Galatasaray’ın olduğu bir yerde sorunsuz bir ortam biz daha görmedik. Saha içi sorunlar çözülür, o önemli değil ama oyuncu sakatlıkları ve bu oyuncu sakatlıkları konusunda net olarak gelmeyen bilgiler ciddi sorunlar. Bu sorunları konuşurken galibiyetin kötüsü olmaz modunda günü geçirdi Galatasaraylılar. Bireysel oyuncu performansları sonucu belirledi. Maçın kırılma anı ilk 10 dakikaydı. Galatasaray o anları şanslı geçince oyunu çözmeyi bir şekilde bildi. Maçın sonu zor gelse de kazandı.

Maçın mutlu eden tarafına bakalım; Gençlerbirliği maçına gore çok daha tempolu, rakip kaleyi düşünen bir Galatasaray vardı. Bunları yaparken pozisyon vermeyi de göze alır Galatasaray.

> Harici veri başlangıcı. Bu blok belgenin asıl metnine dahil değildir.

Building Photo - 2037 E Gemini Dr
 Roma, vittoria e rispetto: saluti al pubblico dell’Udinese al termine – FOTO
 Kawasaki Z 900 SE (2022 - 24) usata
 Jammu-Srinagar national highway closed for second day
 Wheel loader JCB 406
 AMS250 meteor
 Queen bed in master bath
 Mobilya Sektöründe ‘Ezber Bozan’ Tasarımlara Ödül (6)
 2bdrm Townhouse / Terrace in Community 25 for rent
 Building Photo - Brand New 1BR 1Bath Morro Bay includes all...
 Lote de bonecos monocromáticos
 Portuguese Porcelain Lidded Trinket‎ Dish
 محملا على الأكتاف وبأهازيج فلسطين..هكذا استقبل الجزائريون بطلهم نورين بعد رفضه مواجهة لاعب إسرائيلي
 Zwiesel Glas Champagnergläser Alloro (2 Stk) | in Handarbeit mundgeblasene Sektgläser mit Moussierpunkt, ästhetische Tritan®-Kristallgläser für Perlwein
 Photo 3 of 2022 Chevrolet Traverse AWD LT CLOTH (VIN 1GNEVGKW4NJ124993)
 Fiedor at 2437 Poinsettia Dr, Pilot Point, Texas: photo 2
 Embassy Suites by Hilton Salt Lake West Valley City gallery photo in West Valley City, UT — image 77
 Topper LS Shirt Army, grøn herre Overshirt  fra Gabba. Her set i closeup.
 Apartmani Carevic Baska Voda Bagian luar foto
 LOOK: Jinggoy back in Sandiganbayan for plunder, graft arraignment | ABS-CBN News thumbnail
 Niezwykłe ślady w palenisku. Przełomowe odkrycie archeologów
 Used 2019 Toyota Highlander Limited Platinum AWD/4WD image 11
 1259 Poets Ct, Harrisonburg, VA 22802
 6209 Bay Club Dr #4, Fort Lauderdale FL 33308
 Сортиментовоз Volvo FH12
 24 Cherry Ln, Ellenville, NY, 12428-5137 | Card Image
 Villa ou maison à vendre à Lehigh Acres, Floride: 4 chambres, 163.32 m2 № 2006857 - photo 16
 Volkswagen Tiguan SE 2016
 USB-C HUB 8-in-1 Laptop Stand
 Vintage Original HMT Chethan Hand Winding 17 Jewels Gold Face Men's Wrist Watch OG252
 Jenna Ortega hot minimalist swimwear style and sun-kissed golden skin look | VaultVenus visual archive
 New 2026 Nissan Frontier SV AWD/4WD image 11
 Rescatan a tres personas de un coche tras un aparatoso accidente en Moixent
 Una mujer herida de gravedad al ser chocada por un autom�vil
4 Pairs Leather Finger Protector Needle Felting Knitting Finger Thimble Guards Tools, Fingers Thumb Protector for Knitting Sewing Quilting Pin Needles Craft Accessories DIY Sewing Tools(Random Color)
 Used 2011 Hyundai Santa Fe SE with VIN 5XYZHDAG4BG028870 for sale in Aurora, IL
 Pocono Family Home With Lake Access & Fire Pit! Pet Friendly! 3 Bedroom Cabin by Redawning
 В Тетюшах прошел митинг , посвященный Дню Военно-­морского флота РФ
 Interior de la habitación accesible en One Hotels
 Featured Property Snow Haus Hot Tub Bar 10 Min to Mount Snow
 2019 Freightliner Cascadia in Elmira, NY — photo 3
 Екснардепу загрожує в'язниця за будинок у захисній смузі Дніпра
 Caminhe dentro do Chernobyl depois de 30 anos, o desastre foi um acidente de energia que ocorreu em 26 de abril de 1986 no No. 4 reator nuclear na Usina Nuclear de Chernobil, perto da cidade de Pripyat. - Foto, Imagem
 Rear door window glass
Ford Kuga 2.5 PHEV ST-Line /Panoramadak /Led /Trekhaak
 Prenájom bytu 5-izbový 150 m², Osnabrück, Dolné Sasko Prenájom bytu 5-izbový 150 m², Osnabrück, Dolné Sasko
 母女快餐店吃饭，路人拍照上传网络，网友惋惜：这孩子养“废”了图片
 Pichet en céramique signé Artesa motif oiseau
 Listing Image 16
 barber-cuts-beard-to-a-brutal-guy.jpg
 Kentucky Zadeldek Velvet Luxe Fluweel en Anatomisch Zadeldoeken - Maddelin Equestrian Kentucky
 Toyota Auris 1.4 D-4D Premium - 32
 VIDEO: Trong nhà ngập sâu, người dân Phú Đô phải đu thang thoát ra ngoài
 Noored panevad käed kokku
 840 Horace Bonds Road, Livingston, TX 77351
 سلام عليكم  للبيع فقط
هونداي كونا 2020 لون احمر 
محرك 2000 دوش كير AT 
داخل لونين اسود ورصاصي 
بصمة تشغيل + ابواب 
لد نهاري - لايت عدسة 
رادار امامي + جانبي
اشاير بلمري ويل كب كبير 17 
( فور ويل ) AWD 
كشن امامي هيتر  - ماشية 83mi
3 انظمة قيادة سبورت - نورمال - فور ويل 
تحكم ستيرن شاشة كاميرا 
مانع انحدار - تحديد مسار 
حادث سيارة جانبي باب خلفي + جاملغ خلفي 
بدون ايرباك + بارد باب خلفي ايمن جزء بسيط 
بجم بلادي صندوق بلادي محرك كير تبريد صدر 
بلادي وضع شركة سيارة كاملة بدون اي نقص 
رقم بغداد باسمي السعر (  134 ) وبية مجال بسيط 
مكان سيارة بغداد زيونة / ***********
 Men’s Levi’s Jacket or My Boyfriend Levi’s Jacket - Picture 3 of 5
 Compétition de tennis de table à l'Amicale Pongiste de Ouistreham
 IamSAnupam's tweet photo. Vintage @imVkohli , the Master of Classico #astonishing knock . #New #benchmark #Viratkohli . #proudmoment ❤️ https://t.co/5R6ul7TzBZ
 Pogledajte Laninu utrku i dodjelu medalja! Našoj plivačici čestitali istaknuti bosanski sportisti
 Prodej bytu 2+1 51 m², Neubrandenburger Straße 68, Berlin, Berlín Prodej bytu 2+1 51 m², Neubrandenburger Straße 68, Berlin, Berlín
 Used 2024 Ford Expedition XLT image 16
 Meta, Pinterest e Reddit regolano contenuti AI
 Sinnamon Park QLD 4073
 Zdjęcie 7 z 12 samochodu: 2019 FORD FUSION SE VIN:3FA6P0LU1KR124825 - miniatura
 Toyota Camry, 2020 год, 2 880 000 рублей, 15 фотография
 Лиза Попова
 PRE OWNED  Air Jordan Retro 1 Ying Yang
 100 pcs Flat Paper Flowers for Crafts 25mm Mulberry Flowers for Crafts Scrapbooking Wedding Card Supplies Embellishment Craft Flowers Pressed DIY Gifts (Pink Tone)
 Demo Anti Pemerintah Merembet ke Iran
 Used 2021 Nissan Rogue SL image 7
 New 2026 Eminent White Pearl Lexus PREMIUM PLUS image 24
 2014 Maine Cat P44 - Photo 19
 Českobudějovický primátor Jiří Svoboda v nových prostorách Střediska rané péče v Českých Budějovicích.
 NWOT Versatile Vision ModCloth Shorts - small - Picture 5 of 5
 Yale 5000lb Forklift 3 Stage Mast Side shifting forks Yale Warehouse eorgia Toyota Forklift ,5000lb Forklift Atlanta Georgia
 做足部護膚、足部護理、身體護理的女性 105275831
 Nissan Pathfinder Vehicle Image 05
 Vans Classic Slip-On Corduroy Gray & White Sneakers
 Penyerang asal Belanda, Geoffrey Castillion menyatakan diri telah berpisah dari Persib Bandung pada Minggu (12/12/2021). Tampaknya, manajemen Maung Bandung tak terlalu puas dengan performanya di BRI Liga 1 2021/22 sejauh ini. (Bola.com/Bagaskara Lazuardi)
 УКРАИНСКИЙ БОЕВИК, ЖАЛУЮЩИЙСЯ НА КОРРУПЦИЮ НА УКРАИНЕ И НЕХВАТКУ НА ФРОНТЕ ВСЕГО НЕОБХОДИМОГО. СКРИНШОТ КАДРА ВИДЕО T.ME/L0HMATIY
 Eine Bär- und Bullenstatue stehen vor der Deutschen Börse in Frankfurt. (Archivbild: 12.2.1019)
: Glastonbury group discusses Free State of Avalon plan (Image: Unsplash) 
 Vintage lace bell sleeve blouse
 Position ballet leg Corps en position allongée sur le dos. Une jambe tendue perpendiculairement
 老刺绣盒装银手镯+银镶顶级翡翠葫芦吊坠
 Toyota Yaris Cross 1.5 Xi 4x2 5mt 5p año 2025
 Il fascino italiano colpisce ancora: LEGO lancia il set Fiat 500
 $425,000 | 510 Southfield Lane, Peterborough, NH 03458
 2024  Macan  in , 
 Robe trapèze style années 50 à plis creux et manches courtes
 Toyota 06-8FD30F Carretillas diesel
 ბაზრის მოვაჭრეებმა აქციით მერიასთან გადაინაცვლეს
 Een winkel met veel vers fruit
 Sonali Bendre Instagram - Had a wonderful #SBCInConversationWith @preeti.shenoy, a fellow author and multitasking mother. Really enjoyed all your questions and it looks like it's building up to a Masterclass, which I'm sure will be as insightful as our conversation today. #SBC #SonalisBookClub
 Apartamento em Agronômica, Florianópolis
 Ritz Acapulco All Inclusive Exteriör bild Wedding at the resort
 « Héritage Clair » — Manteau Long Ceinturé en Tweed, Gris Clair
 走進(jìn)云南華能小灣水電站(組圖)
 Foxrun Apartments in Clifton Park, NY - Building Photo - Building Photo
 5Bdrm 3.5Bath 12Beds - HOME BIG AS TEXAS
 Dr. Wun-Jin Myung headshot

Genelde böyledir geçmişten beri. Her şeyin bir anda kusursuz olmasını kimse beklemiyor zaten. Bir reaksiyon gösterildi. Bu reaksiyon çok iyi oyun getirmese de bir heyecan verdi. Andone’nin kendi çabasıyla maçı 2-0’a getirmesi de büyük avantaj oldu tabii.

Olumsuz durum ise Galatasaray gibi bir takım rakip eksikken ve kendisi 2 farklı öndeyken nasıl rakibini maça ortak eder? Sivasspor’un iyi takım olması bunun açıklaması değil. Galatasaray bunu geçen sene de çok yaptı. Uzun zamandır anlamıyorum. Avrupa takımları böyle durumlar olduğu zaman maçı büyük farklara götürüyor, Galatasaray bunu yapmakta zorlanıyor. Maçı böyle strese soktuğunuz zaman kendinize güveniniz de gelmemiş oluyor. Fatih Terim’in 2.Milli Takım döneminde söylediği bir söz vardı.’’ Yakaladıysanız 15 tane atacaksınız.’’ Az kalsın Konyaspor maçının kopyası olacaktı son dakikada. Şimdi önümüzde bir Real Madrid maçı var. Bütün isteğimiz bir efsane galibiyet daha yaşamak.